First, you are obviously an experienced, aggressive racer who definitely knows how to turn and carve well, but with a couple minor changes, I think you could be faster. I couldn't access the video (at work any streaming media is blocked), so this is based on the still photo.
1. Angulation vs. Inclination
Look at the photo below. Look at the green line in each. I'm not sure how old you are, but I for one know that it was pounded into my head to get my hip over my downhill ski, and keep my upper body facing down the fall line. (which is exactly what you are doing in that picture) That is the only way you could get the skis to grip. Modern skis hold much better than in the past, allowing you to let your feet get farther away from your body creating greater energy out of the ski. You are using a ton of hip angulation and also counter rotation. Neither are really very necessary anymore. Look at the angle of your shoulders compared to Herman's.
Also, you may be a bit tight on the gate. (especially if you start using less hip and more inclination) You need to be far enough away that you will be able to hold your angle throughout the whole turn.
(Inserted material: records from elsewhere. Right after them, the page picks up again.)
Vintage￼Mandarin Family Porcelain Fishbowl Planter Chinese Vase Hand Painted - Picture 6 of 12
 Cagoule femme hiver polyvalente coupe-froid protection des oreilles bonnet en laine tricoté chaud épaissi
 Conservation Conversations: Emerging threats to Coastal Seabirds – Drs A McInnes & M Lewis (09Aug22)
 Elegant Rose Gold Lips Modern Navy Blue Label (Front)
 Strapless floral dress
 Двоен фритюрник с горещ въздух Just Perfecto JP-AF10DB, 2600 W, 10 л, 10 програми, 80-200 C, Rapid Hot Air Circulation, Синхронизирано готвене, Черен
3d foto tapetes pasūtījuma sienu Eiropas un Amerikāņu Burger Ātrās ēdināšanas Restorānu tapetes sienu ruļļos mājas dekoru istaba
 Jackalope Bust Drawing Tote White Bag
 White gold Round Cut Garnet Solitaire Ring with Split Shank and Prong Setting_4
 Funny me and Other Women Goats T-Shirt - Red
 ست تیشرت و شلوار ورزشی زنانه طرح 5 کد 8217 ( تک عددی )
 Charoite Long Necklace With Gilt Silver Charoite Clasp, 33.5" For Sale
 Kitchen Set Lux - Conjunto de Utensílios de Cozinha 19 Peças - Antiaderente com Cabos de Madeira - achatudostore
If you come in too tight, even if you start out on a good line, and pressure the ski early in the turn, if you are too close to the gate, you will need to let off your pressure momentarily, slip by the gate, then pressure again late which sends your energy across
the hill rather than down. Look at the angle of your skis relative to the fall line compared to Herman's. Yours are pointing down the fall line, while Hermans are pointing at the next gate. This is going to cause you to pressure below the gate rather than above it.
Think about getting your skis on edge early
in the turn, pressuring while they are in the fall line, and getting off your edges and into your transition as soon after the gate as is practical.